Por estas questões, o espaço é o grande protagonista desta Hq, primoroso na sua concepção. E, quando se resume a uma simples cor (algo muito presente nas histórias originais de Maurício), é ajudado pela qualidade narrativa de Duarte, como na cena em que os quadros caem ao longo da página, simulando a queda dos próprios personagens (p. 44). Ou ainda na cena em que Duarte abdica das linhas que formam o quadro para mostrar a desestabilização de Chico e Torresmo.
Antes de terminar, contudo, proponho um enigma presente neste álbum cheio de detalhes que certamente nos escaparam. Na página 11 e na página 56 há uma inversão na ordem dos quadros aparentemente gratuita. Quando Chico oferece água a Zé Lelé, o quadro da resposta vem antes da pergunta. Da mesma forma, no momento no qual Chico e Torresmo (na realidade Zé Lelé) fogem dentro de um navio, vemos a parte inferior dos quadros, ou seja, suas pernas, antes da superior, tronco e cabeça. O recurso certamente pode ser interpretado como um vislumbre da alteração da ordem no mundo dos caipiras. Ou até mesmo, no caso da perseguição, como uma forma de criar mais suspense, já que a sequencia de quadros não significa avanço temporal da história.

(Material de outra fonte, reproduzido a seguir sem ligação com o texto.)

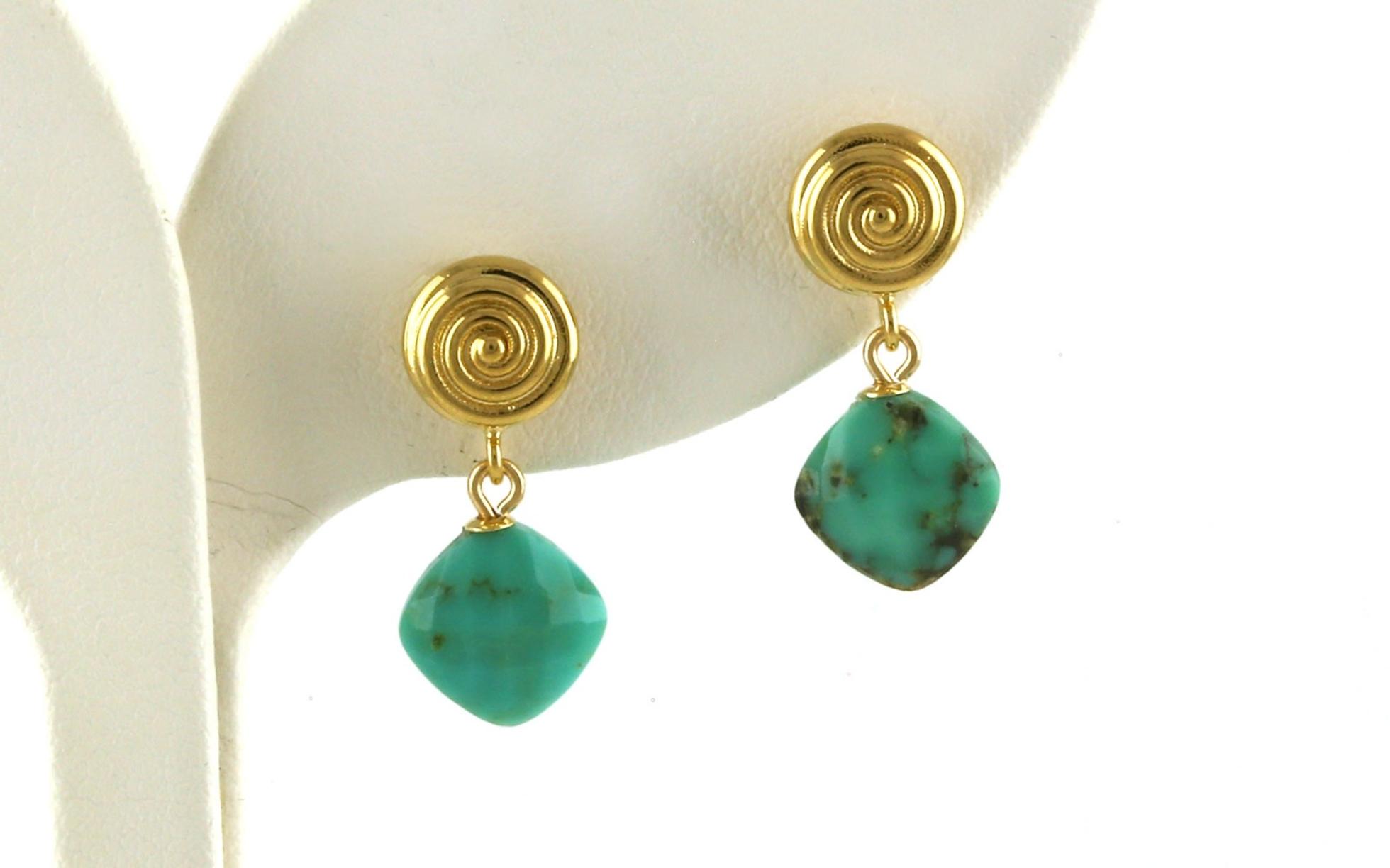 Swirl Drop Turquoise Stud Earrings in Yellow Gold (8.00x8.00mm)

De qualquer forma, fica um dos enigmas de mais uma obra-prima de um projeto ainda impecável, atestando que, por mais que falemos dela, a arte sempre estará a um passo a frente de nossa vã compreensão.

Autor: Daniel Baz

2 comentários:

  1. Olá!!

    Seu relato da obra está incrível.

    Já tenho a obra embora ainda não tenha lido. A graça desses MSP, seja do astronauta, laços e piteco e justamente ver as personagens criado por Maurício de Sousa por outro ângulo, outra perspectiva e consequentemente outra arte.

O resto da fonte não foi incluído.